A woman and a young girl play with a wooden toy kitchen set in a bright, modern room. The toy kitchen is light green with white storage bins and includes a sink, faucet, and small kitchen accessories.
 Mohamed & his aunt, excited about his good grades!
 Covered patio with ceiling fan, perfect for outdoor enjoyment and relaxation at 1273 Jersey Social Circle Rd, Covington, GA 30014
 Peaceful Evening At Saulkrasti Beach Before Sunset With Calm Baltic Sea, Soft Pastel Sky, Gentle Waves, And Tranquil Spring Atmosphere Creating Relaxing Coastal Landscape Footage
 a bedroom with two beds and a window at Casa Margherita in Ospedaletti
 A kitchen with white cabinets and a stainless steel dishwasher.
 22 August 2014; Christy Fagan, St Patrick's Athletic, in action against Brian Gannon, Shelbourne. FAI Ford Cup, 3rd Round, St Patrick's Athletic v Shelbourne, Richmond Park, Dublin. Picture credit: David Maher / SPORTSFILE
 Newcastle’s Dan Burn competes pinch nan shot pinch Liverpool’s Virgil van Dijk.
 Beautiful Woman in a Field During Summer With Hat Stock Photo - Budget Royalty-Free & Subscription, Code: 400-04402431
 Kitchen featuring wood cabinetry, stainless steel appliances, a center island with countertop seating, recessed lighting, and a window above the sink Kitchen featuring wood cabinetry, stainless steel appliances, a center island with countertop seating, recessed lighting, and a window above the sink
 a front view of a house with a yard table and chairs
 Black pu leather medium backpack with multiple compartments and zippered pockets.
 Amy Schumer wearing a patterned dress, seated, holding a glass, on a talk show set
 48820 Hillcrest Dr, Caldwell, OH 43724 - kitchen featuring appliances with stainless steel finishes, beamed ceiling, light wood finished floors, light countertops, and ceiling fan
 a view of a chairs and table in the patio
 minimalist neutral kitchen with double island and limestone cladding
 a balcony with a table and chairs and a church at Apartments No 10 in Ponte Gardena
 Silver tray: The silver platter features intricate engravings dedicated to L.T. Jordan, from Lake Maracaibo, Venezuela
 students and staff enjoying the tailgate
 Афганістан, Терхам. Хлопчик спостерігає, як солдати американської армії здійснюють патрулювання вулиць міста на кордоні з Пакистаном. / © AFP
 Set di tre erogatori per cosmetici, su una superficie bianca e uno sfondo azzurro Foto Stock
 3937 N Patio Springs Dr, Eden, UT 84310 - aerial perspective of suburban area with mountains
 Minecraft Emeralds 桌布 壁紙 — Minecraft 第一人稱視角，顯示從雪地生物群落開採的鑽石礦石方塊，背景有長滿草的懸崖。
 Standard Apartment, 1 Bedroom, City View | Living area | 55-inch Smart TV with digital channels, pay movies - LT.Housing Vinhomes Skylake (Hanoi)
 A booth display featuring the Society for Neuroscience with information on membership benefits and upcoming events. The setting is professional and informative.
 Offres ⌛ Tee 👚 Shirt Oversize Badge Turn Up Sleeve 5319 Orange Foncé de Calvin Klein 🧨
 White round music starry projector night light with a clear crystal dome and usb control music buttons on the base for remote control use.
==================================================
**What the task requires**
Having read the material, set all of it down again without a single difference.

**Result for this task**
A woman and a young girl play with a wooden toy kitchen set in a bright, modern room. The toy kitchen is light green with white storage bins and includes a sink, faucet, and small kitchen accessories.
 Mohamed & his aunt, excited about his good grades!
 Covered patio with ceiling fan, perfect for outdoor enjoyment and relaxation at 1273 Jersey Social Circle Rd, Covington, GA 30014
 Peaceful Evening At Saulkrasti Beach Before Sunset With Calm Baltic Sea, Soft Pastel Sky, Gentle Waves, And Tranquil Spring Atmosphere Creating Relaxing Coastal Landscape Footage
 a bedroom with two beds and a window at Casa Margherita in Ospedaletti
 A kitchen with white cabinets and a stainless steel dishwasher.
 22 August 2014; Christy Fagan, St Patrick's Athletic, in action against Brian Gannon, Shelbourne. FAI Ford Cup, 3rd Round, St Patrick's Athletic v Shelbourne, Richmond Park, Dublin. Picture credit: David Maher / SPORTSFILE
 Newcastle’s Dan Burn competes pinch nan shot pinch Liverpool’s Virgil van Dijk.
 Beautiful Woman in a Field During Summer With Hat Stock Photo - Budget Royalty-Free & Subscription, Code: 400-04402431
 Kitchen featuring wood cabinetry, stainless steel appliances, a center island with countertop seating, recessed lighting, and a window above the sink Kitchen featuring wood cabinetry, stainless steel appliances, a center island with countertop seating, recessed lighting, and a window above the sink
 a front view of a house with a yard table and chairs
 Black pu leather medium backpack with multiple compartments and zippered pockets.
 Amy Schumer wearing a patterned dress, seated, holding a glass, on a talk show set
 48820 Hillcrest Dr, Caldwell, OH 43724 - kitchen featuring appliances with stainless steel finishes, beamed ceiling, light wood finished floors, light countertops, and ceiling fan
 a view of a chairs and table in the patio
 minimalist neutral kitchen with double island and limestone cladding
 a balcony with a table and chairs and a church at Apartments No 10 in Ponte Gardena
 Silver tray: The silver platter features intricate engravings dedicated to L.T. Jordan, from Lake Maracaibo, Venezuela
 students and staff enjoying the tailgate
 Афганістан, Терхам. Хлопчик спостерігає, як солдати американської армії здійснюють патрулювання вулиць міста на кордоні з Пакистаном. / © AFP
 Set di tre erogatori per cosmetici, su una superficie bianca e uno sfondo azzurro Foto Stock
 3937 N Patio Springs Dr, Eden, UT 84310 - aerial perspective of suburban area with mountains
 Minecraft Emeralds 桌布 壁紙 — Minecraft 第一人稱視角，顯示從雪地生物群落開採的鑽石礦石方塊，背景有長滿草的懸崖。
 Standard Apartment, 1 Bedroom, City View | Living area | 55-inch Smart TV with digital channels, pay movies - LT.Housing Vinhomes Skylake (Hanoi)
 A booth display featuring the Society for Neuroscience with information on membership benefits and upcoming events. The setting is professional and informative.
 Offres ⌛ Tee 👚 Shirt Oversize Badge Turn Up Sleeve 5319 Orange Foncé de Calvin Klein 🧨
 White round music starry projector night light with a clear crystal dome and usb control music buttons on the base for remote control use.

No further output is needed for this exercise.